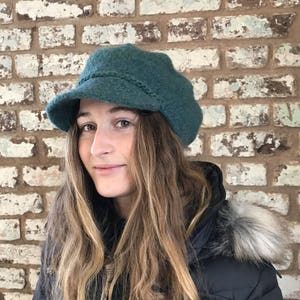 Puede incluir: Una mujer con una gorra de estilo newsboy azul verdoso, una chaqueta negra y un ribete de piel sintética. La gorra tiene un detalle trenzado alrededor del borde.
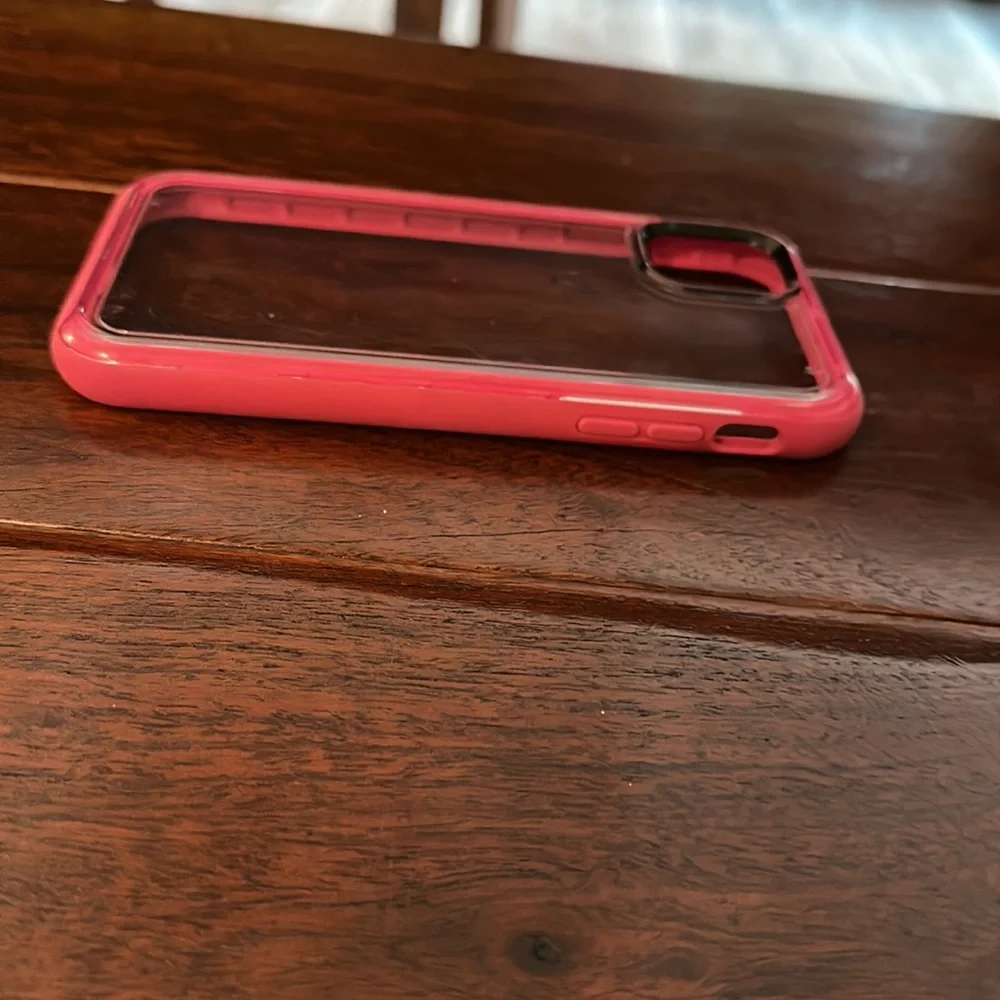 Otter box, clear back with bright pink sides, Gently used1 week, Excellent cond.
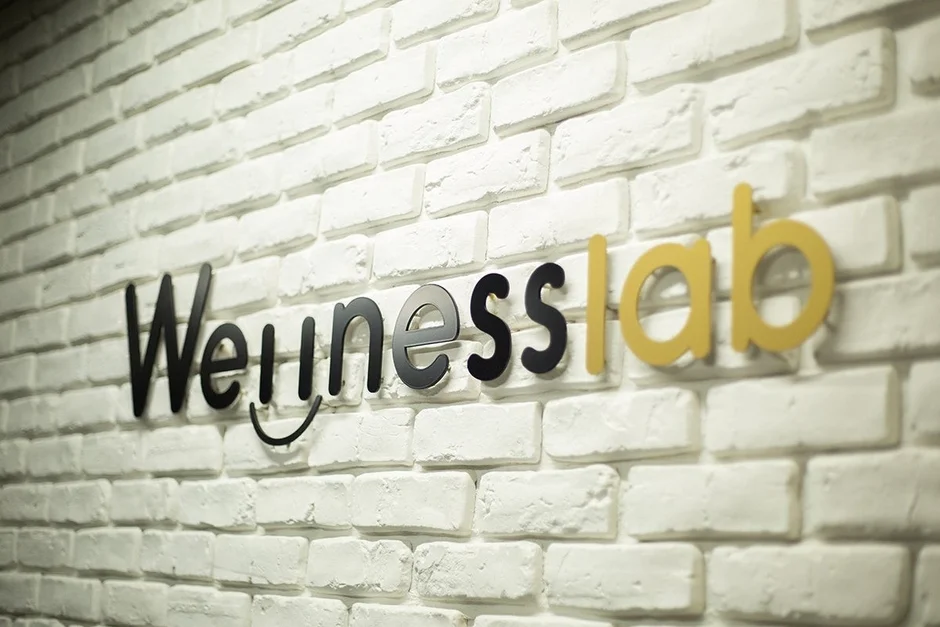 白いレンガの壁に「Wellnesslab」と書かれた立体的なロゴが取り付けられている画像です。Wellnessの部分は黒色で、labの部分は黄色の文字で表現されています。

WORK ITEM: Each line from the one containing "Otter box, clear" through the final line of the data must be reproduced exactly, both ends included, with no pictures in the copy.

ANSWER TO THIS EXERCISE:
 Otter box, clear back with bright pink sides, Gently used1 week, Excellent cond.
 白いレンガの壁に「Wellnesslab」と書かれた立体的なロゴが取り付けられている画像です。Wellnessの部分は黒色で、labの部分は黄色の文字で表現されています。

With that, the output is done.